I am experimenting with some of the pytorch codes. With cross entropy loss I found some interesting results and I have used both binary cross entropy loss and cross entropy loss of pytorch.
import torch
import torch.nn as nn
X = torch.tensor([[1,0],[1,0],[0,1],[0,1]],dtype=torch.float)
softmax = nn.Softmax(dim=1)
bce_loss = nn.BCELoss()
ce_loss= nn.CrossEntropyLoss()
pred = softmax(X)
bce_loss(X,X) # tensor(0.)
bce_loss(pred,X) # tensor(0.3133)
bce_loss(pred,pred) # tensor(0.5822)
ce_loss(X,torch.argmax(X,dim=1)) # tensor(0.3133)
I expected the cross entropy loss for the same input and output to be zero. Here X, pred and torch.argmax(X,dim=1) are same/similar with some transformations. This reasoning only worked for bce_loss(X,X) # tensor(0.)

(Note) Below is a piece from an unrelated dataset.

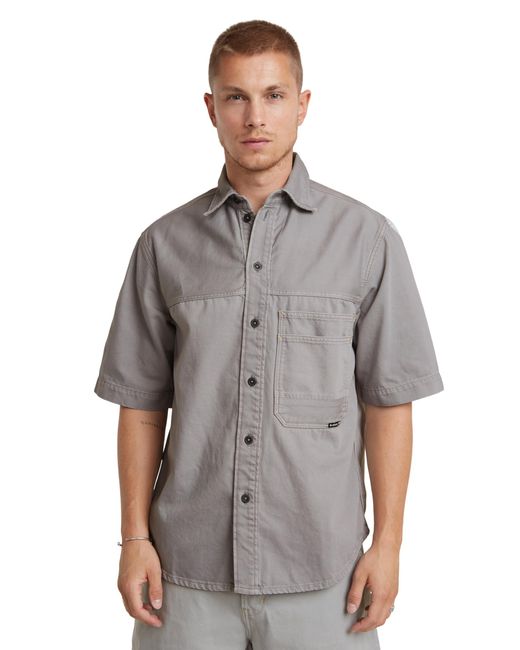 G-Star RAW Gray Double Pocket Relaxed Shirt Ss for men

where-else all other resulted in a loss greater than zero. I speculated the output for bce_loss(pred,X)
, bce_loss(pred,pred)
and ce_loss(X,torch.argmax(X,dim=1))
should be zero.
What is the mistake here?
The reason that you are seeing this is because
nn.CrossEntropyLoss
accepts logits and targets, a.k.a X should be logits, but is already between 0 and 1.X
should be much bigger, because after softmax it will go between 0 and 1.nn.CrossEntropyLoss
works with logits, to make use of the log sum trick.The way you are currently trying after it gets activated, your predictions become about
[0.73, 0.26]
.Binary cross entropy example works since it accepts already activated logits. By the way, you probably want to use
nn.Sigmoid
for activating binary cross entropy logits. For the 2-class example, softmax is also ok.